## The data
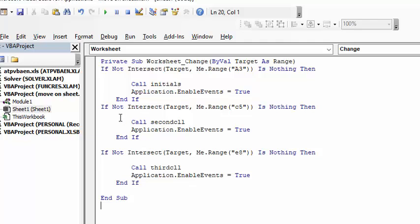And then it's saying if anything changes on C5, then you're going to call second cell, which is going to select E8.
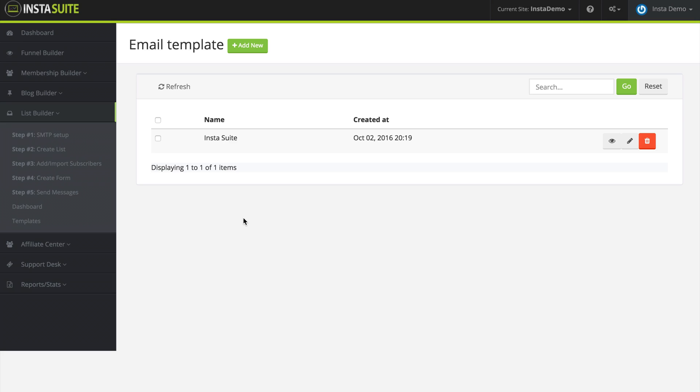So here I am right now under list builder and templates. And right now we have one template created.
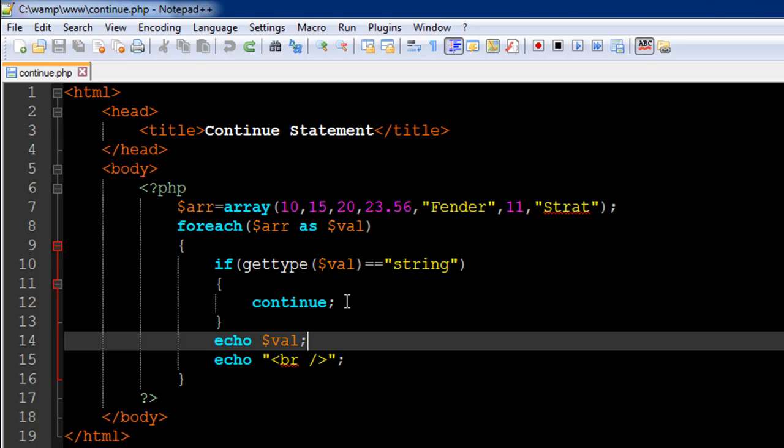In the next tutorial, we're going to talk about the break statement. We'll see how it is different from the continue statement. This is how you use the continue statement.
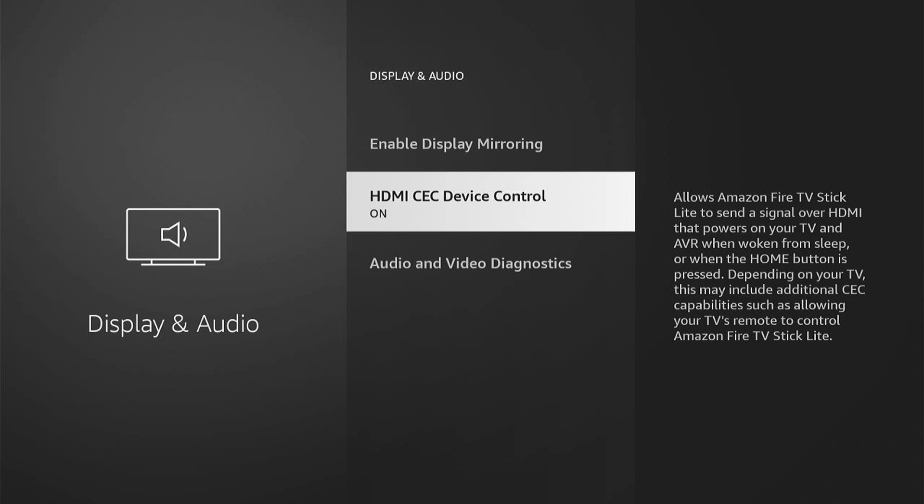That tells you a little bit about it here. Allow Amazon Fire TV Stick, light in this case, to send a signal over HDMI that powers on your TV and AVR when waking from sleep, or when the home button is pressed, depending on your TV.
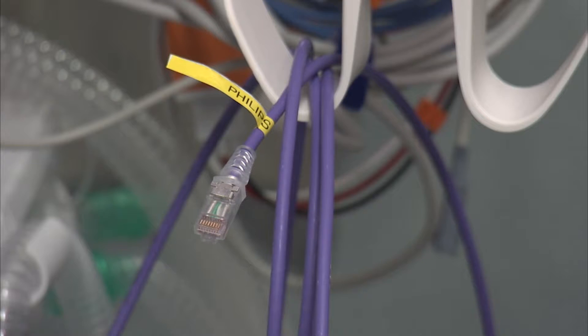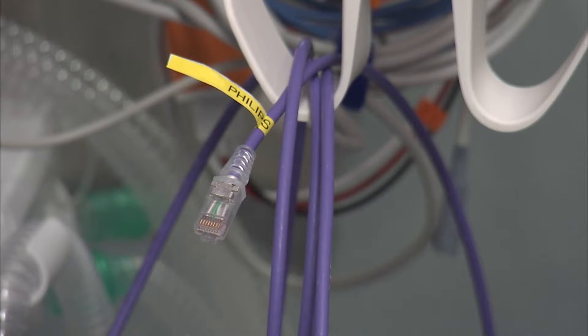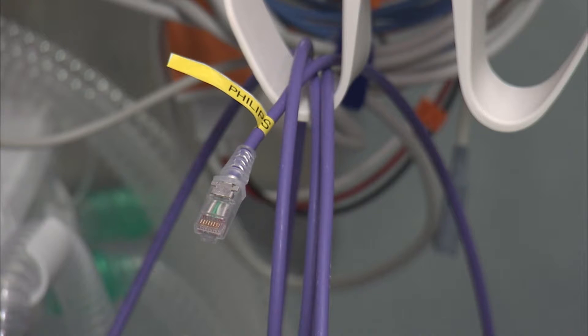To troubleshoot, check your cable connections, the condition of your data cables, and reconnect.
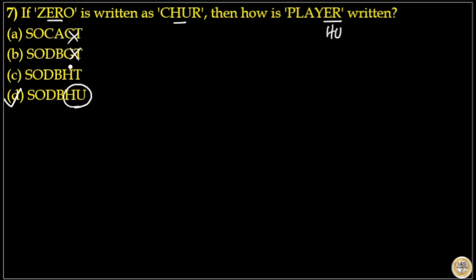All other three options don't end with HU. This is the quickest way to find the answer for these types of questions.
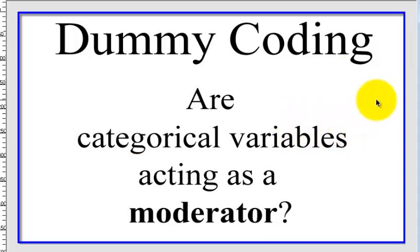So another way to look at this is, are any of the categorical variables acting as a moderator? Are they influencing the DV?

## Work order
Leave out the pictures, and retype exactly the lines from the one containing "To troubleshoot, check" through the last line of the data above, no more and no less.

## Output
To troubleshoot, check your cable connections, the condition of your data cables, and reconnect.
All other three options don't end with HU. This is the quickest way to find the answer for these types of questions.
So another way to look at this is, are any of the categorical variables acting as a moderator? Are they influencing the DV?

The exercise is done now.